▸ Supplied material:
__________________________________________________
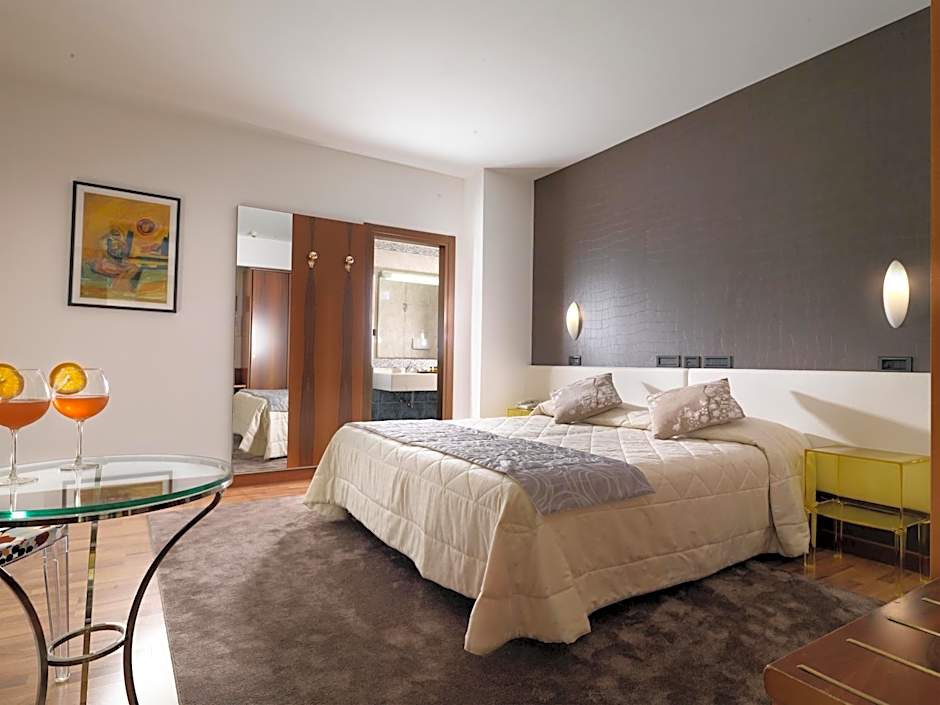 Photo 1 of 4 of Quadruple Room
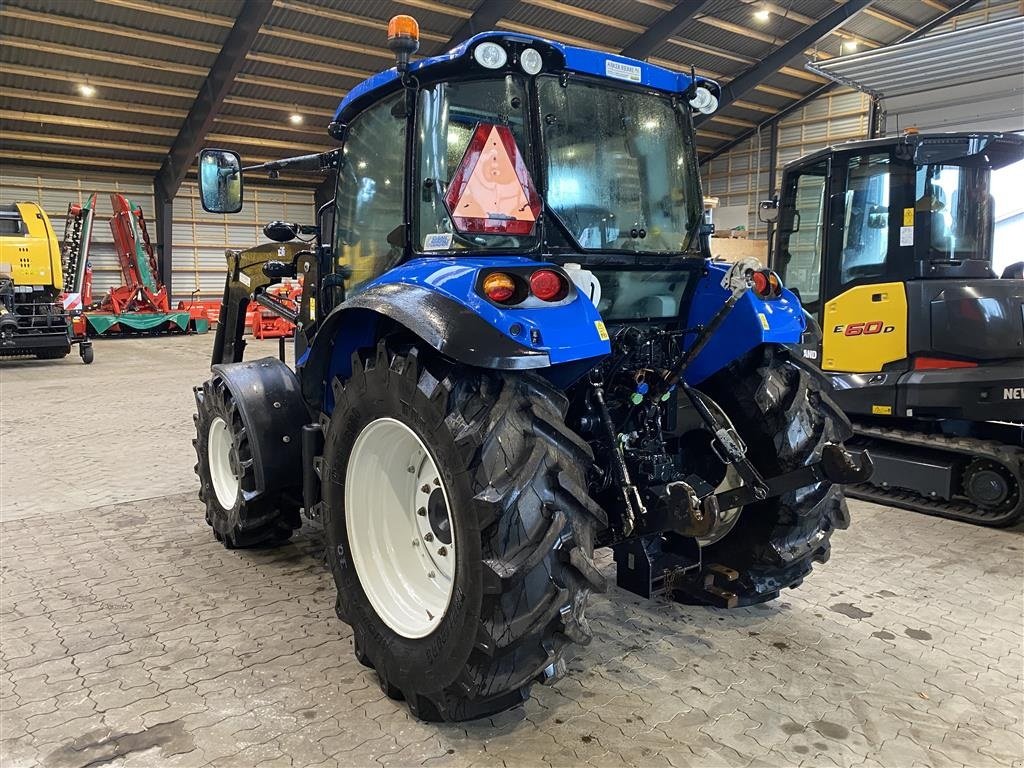 Traktor του τύπου New Holland T4.95 Med frontlæsser, Gebrauchtmaschine σε Holstebro (Φωτογραφία 3)
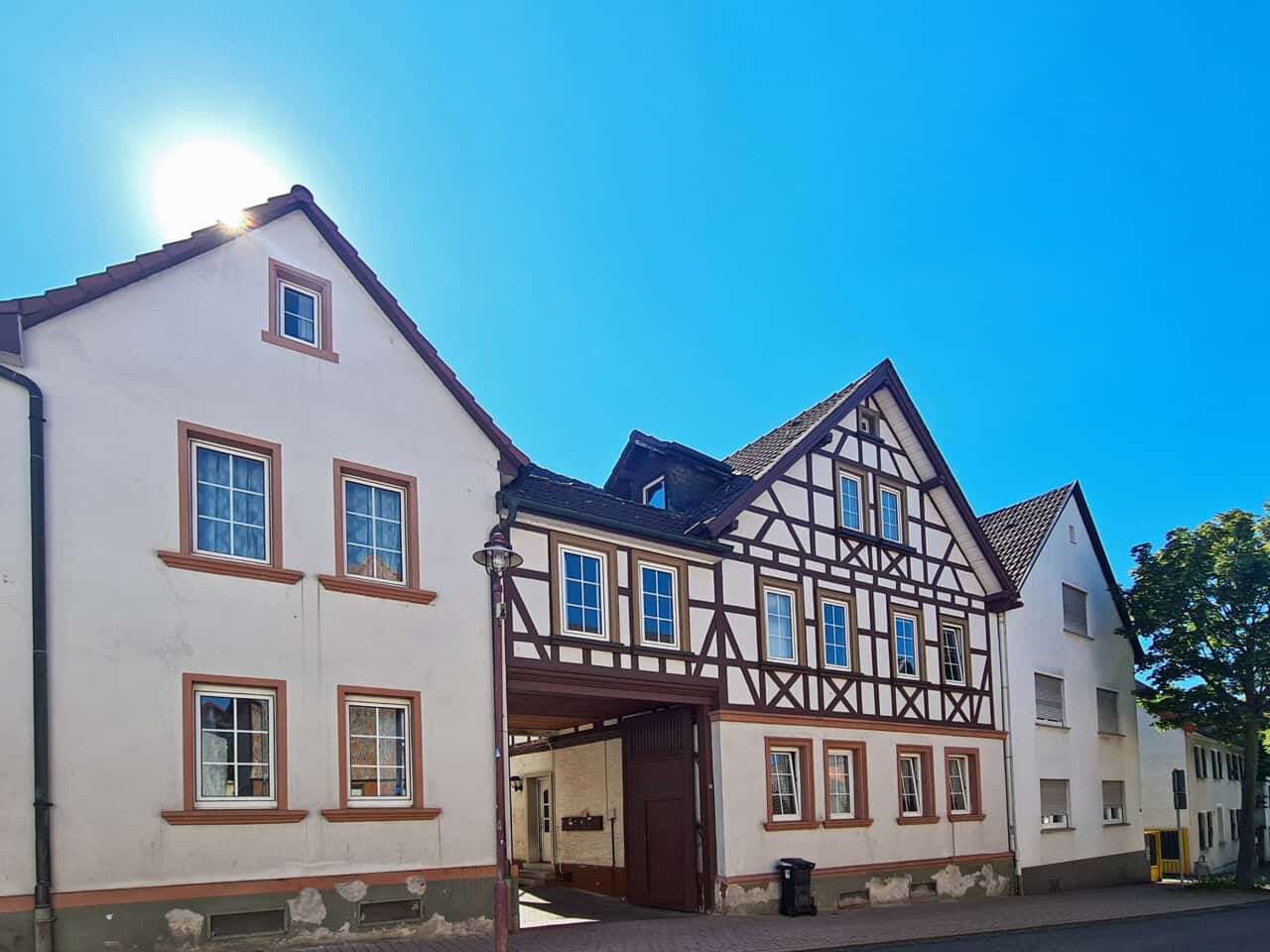 Mehrfamilienhaus in Roßdorf – Bild 1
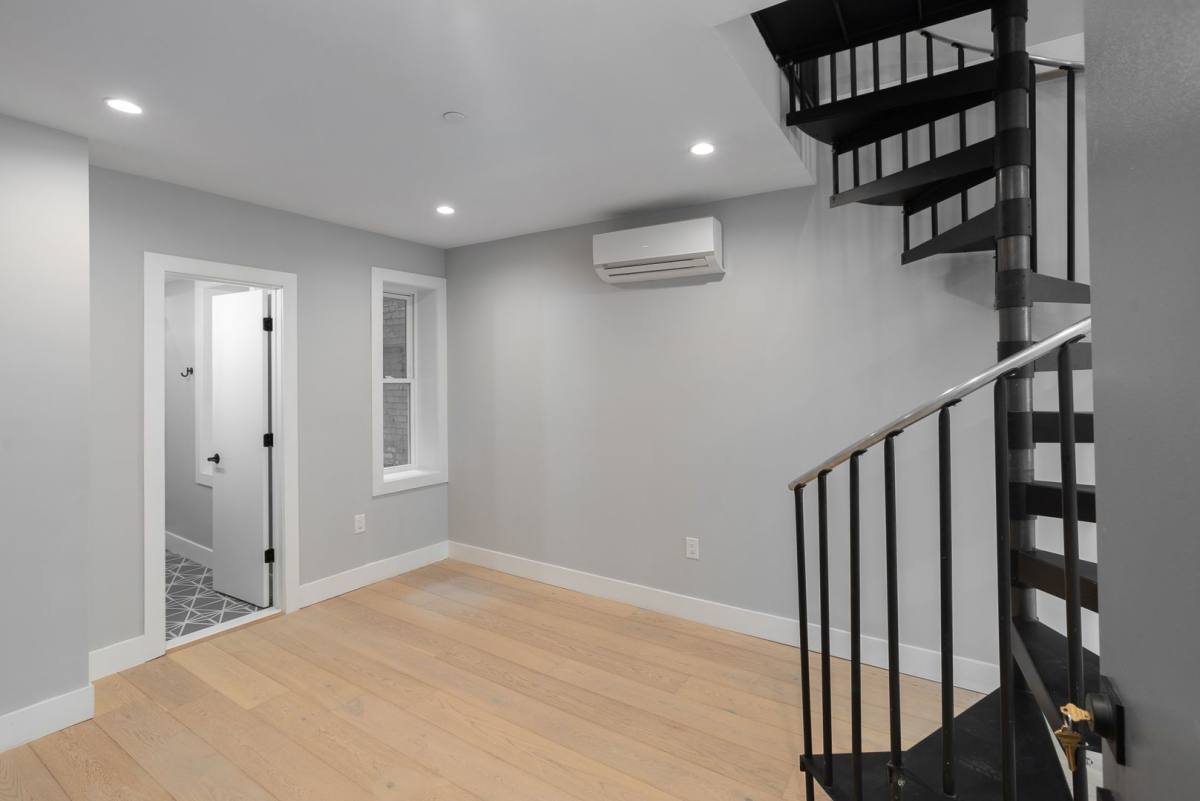 Apartment for rent at 1707 Rittenhouse Square, Philadelphia, PA 19103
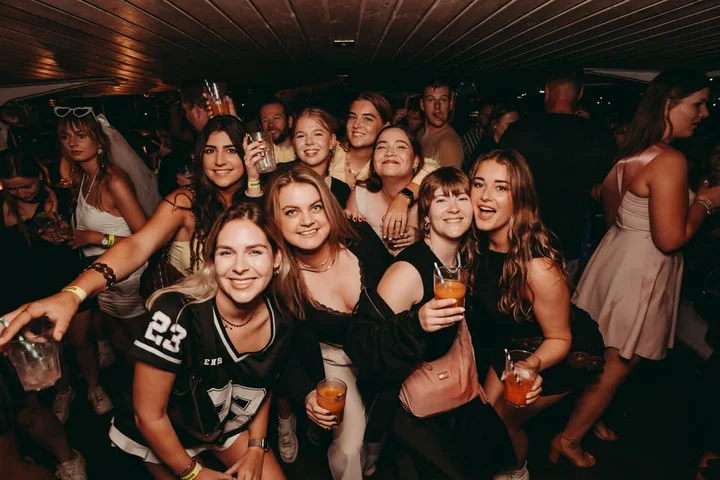 Grafika promocyjna wydarzenia Kraków Boat Party — sezonowe otwarcie rejsów imprezowych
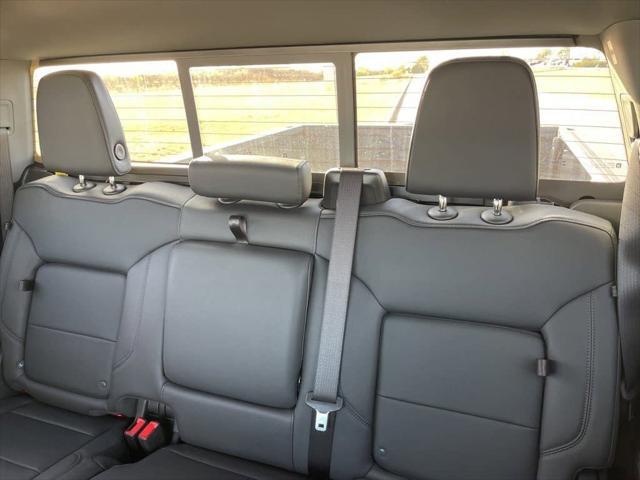 2025 GMC Sierra 2500HD 4WD Crew Cab Standard Bed SLT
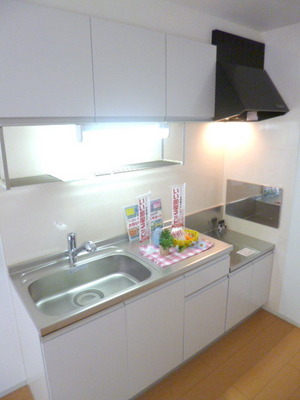 Kitchen. ※ Per under construction, The photograph is a model. In fact the different.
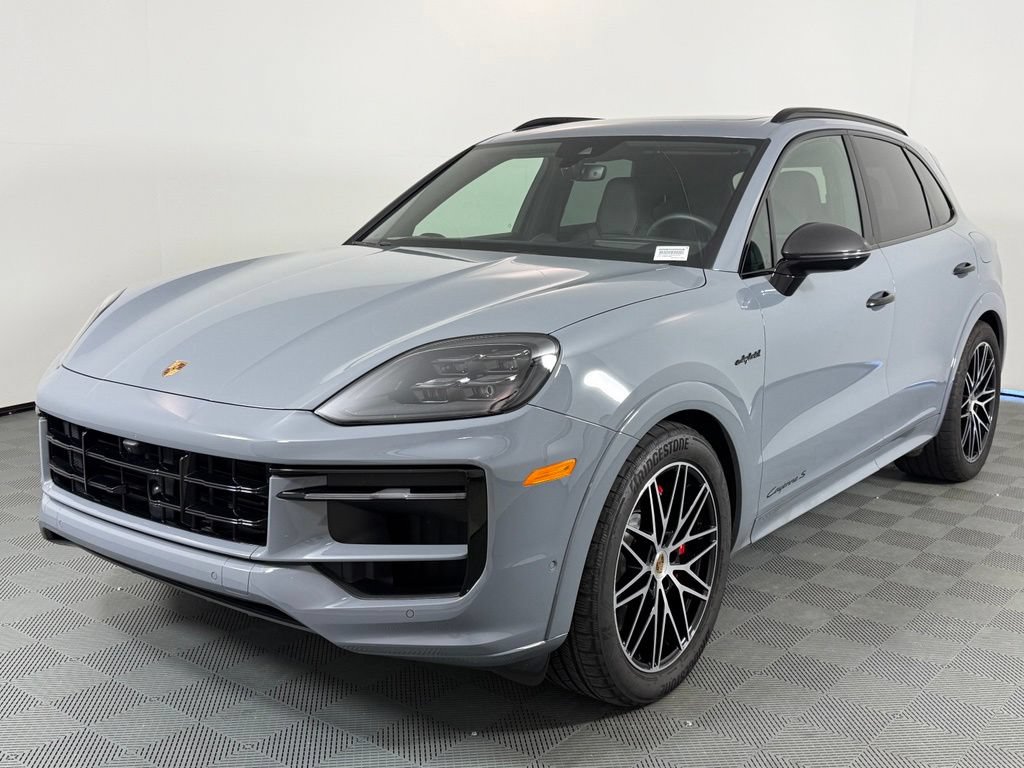 Certified 2025 Porsche Cayenne S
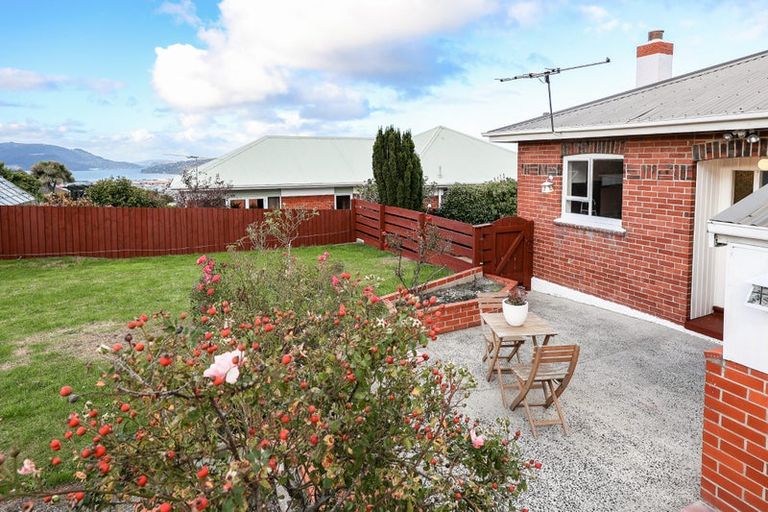 Photo of property in 90 Middleton Road, Kew, Dunedin, 9012
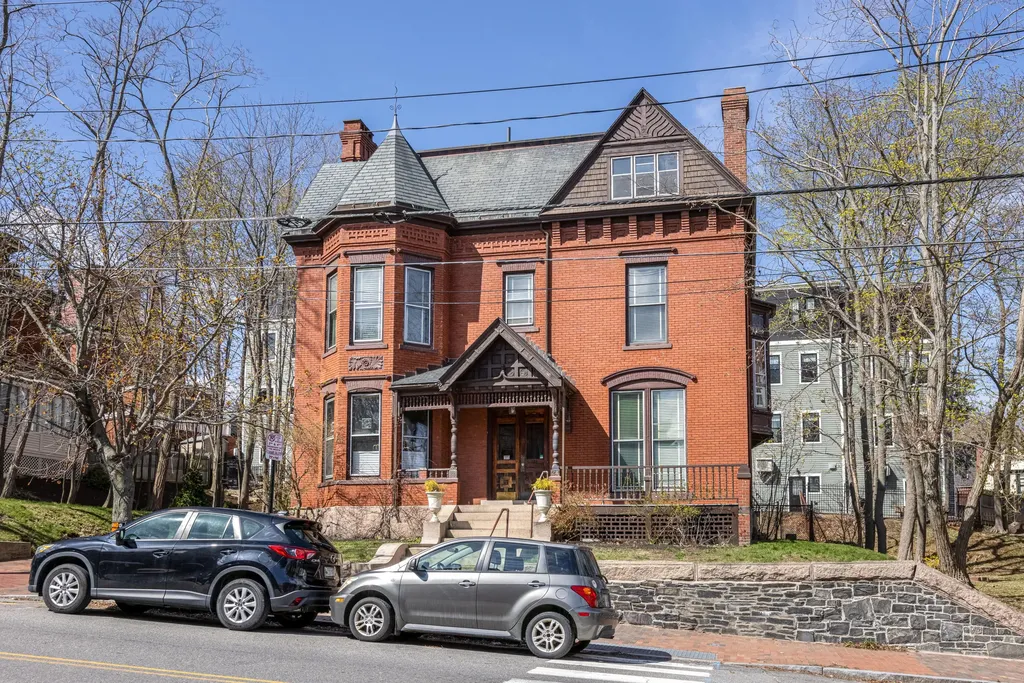 24 Mellen Street Portland ME 04101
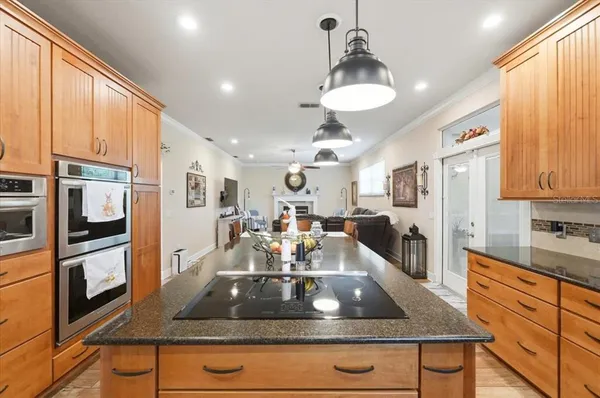 $799,900 | 2000 Lake Ariana Boulevard, Auburndale, FL 33823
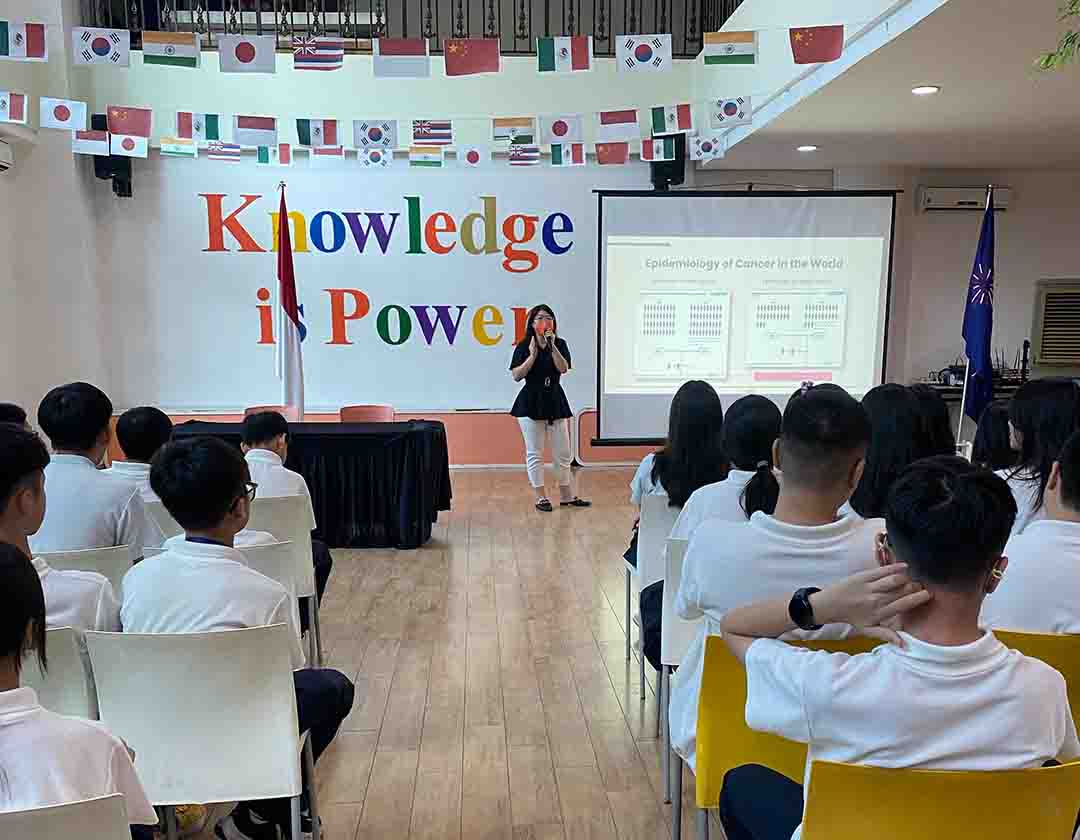 Seminar Edukasi Deteksi Kanker Sejak Dini SMA Sampoerna Academy Medan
__________________________________________________
Could you reproduce all of the material exactly? Keep the pictures out of it.

▸ Output:
 Photo 1 of 4 of Quadruple Room
 Traktor του τύπου New Holland T4.95 Med frontlæsser, Gebrauchtmaschine σε Holstebro (Φωτογραφία 3)
 Mehrfamilienhaus in Roßdorf – Bild 1
 Apartment for rent at 1707 Rittenhouse Square, Philadelphia, PA 19103
 Grafika promocyjna wydarzenia Kraków Boat Party — sezonowe otwarcie rejsów imprezowych
 2025 GMC Sierra 2500HD 4WD Crew Cab Standard Bed SLT
 Kitchen. ※ Per under construction, The photograph is a model. In fact the different.
 Certified 2025 Porsche Cayenne S
 Photo of property in 90 Middleton Road, Kew, Dunedin, 9012
 24 Mellen Street Portland ME 04101
 $799,900 | 2000 Lake Ariana Boulevard, Auburndale, FL 33823
 Seminar Edukasi Deteksi Kanker Sejak Dini SMA Sampoerna Academy Medan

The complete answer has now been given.